In that grim October Bacchanalia, compared with which the horrors of St. Bartholomew’s Night appear to be an innocent coup de theatre, a hundred towns suffered three and a half or four thousand deaths, and up to ten thousand maimed. Material losses, which amounted to tens if not hundreds of roubles, exceeded several times over the losses suffered by landowners during the agrarian unrest …. Thus did the old order take revenge for its humiliation!

What was the role of the workers in these appalling events?

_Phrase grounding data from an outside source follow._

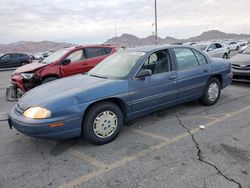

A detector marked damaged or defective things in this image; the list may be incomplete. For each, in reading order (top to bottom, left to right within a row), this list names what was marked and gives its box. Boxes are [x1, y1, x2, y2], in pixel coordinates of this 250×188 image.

damaged red car [7, 44, 117, 100]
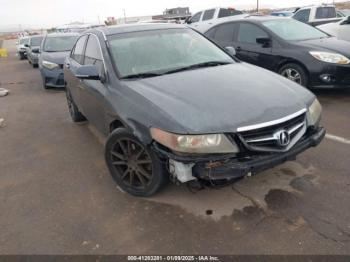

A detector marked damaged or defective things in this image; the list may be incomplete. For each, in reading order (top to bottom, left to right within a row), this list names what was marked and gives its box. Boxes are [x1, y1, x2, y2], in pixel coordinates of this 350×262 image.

damaged dark gray sedan [63, 23, 326, 196]
dented hood [123, 62, 314, 134]
front bumper damage [152, 126, 326, 182]
broken front bumper [153, 126, 326, 180]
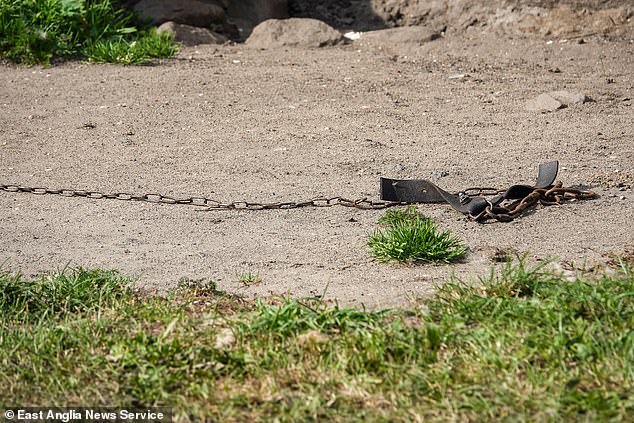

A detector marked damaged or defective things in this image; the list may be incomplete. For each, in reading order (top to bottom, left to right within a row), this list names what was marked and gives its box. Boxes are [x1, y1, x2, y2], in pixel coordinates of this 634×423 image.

rusty metal chain [0, 184, 402, 210]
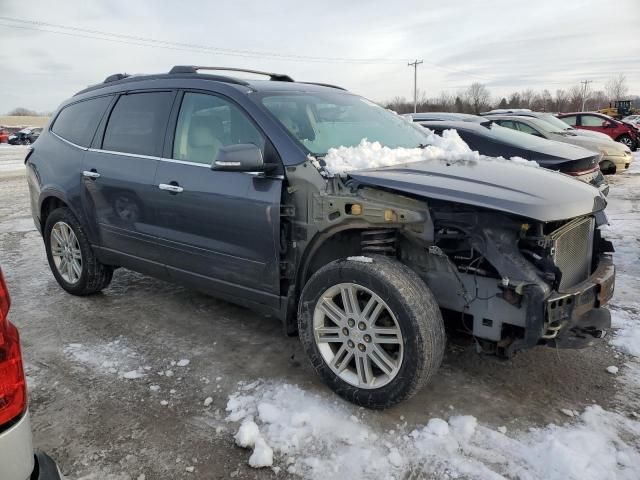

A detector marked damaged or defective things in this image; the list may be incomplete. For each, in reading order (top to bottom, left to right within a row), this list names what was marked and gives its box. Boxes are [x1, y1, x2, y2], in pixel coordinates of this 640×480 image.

damaged gray suv [26, 65, 616, 406]
damaged front bumper [544, 255, 616, 348]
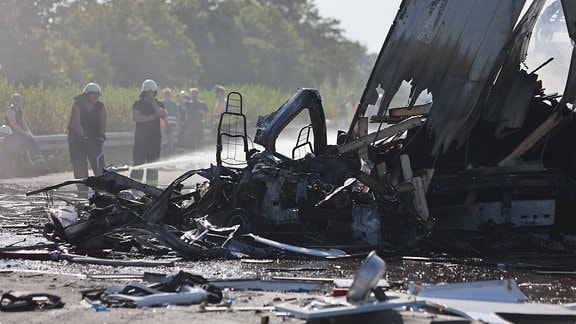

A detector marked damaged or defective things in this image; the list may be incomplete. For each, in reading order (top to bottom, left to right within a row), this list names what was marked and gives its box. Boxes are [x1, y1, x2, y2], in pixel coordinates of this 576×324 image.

burned truck wreckage [27, 0, 576, 258]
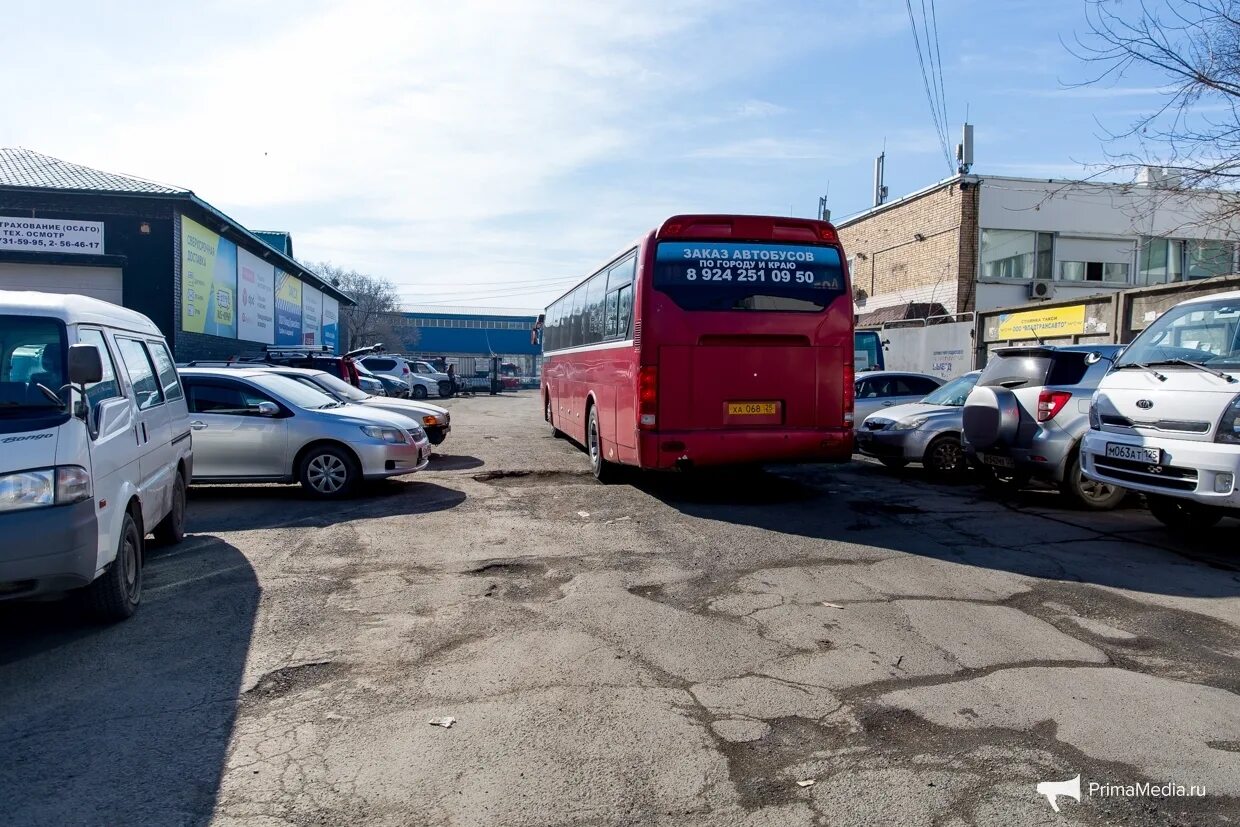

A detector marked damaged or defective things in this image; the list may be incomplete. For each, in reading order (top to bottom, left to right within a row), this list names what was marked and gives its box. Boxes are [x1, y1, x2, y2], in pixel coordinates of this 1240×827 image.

cracked asphalt [2, 390, 1240, 827]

At the end of October the President of the Federation of North American Trade Unions sent a telegram addressed to Count Witte in which he energetically called on Russian workers to take a stand against the pogroms which threatened the recently won liberties. “In the name of not just three million organised workers – concluded the telegram – but also all workers of the United States, I ask you, Count, to pass this telegram on to your fellow citizens – our brother-workers.” But Count Witte, who had only recently masqueraded in America as a true democrat, proclaiming that “the pen is mightier than the sword”, now found sufficient shamelessness within himself to quietly hide the workers’ letter in a secret drawer in his writing desk. Only in November did the Soviet get wind of the letter. But Russian workers, to their honour, did not need to wait for an exhortation or admonition from their friends across the ocean before actively intervening in the bloody events. In a large number of towns they organised armed self-defence and actively – in some places: heroically – opposed the thugs, and where soldiers were to any degree neutral, then the workers’ militia crushed the hooligan rampage without difficulty.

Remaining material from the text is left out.